Please return the lines from the one with "Pure Dim Supplement" through the end of the listing below, word for word, with every picture left out.
BEGIN INPUT DATA
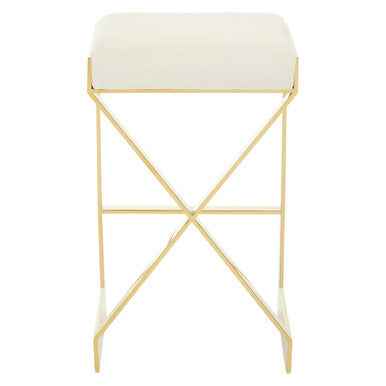 Azalea Ivory And Gold Finish Bar Stool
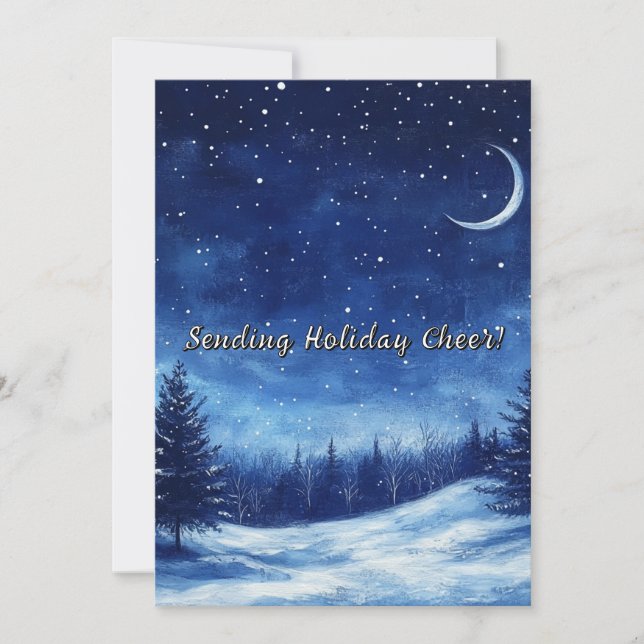 Cartes Pour Fêtes Annuelles Nuit d'hiver Aquarelle Noël (Devant)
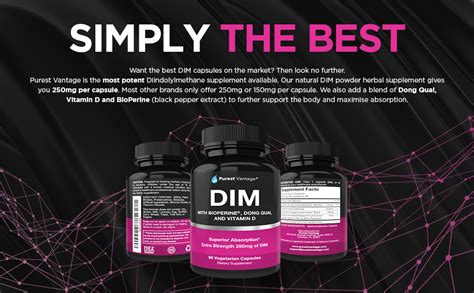 Pure Dim Supplement 250mg Diindolylmethane Plus Bioperine And Dong Quai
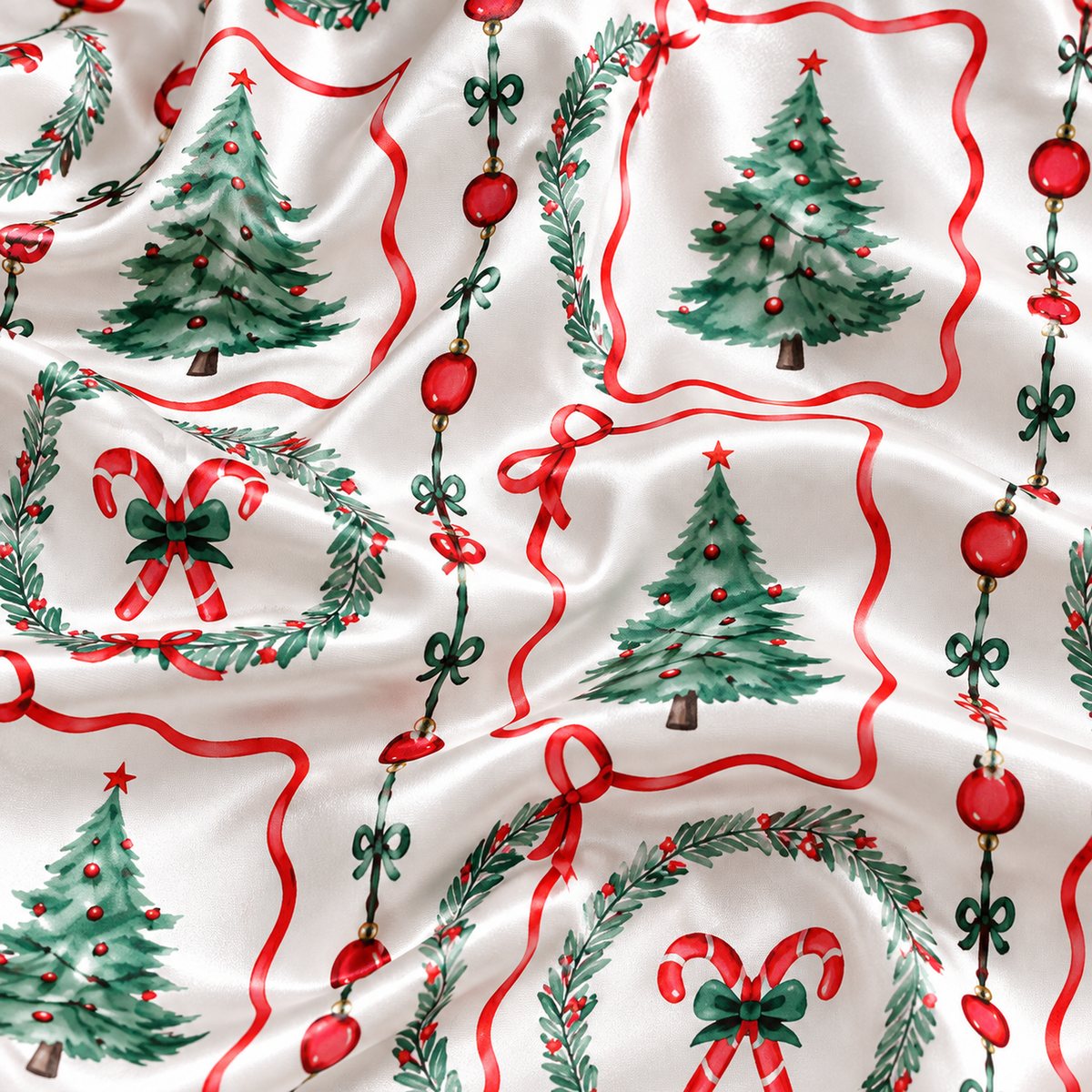 PJ-1912-Christmas Wreath Satin Pajama Set with Christmas Trees Candy Canes Bows Ornaments and Vintage Holiday Pattern for Cozy Sleepwear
END INPUT DATA
RESULT FOR THIS EXERCISE:
 Pure Dim Supplement 250mg Diindolylmethane Plus Bioperine And Dong Quai
 PJ-1912-Christmas Wreath Satin Pajama Set with Christmas Trees Candy Canes Bows Ornaments and Vintage Holiday Pattern for Cozy Sleepwear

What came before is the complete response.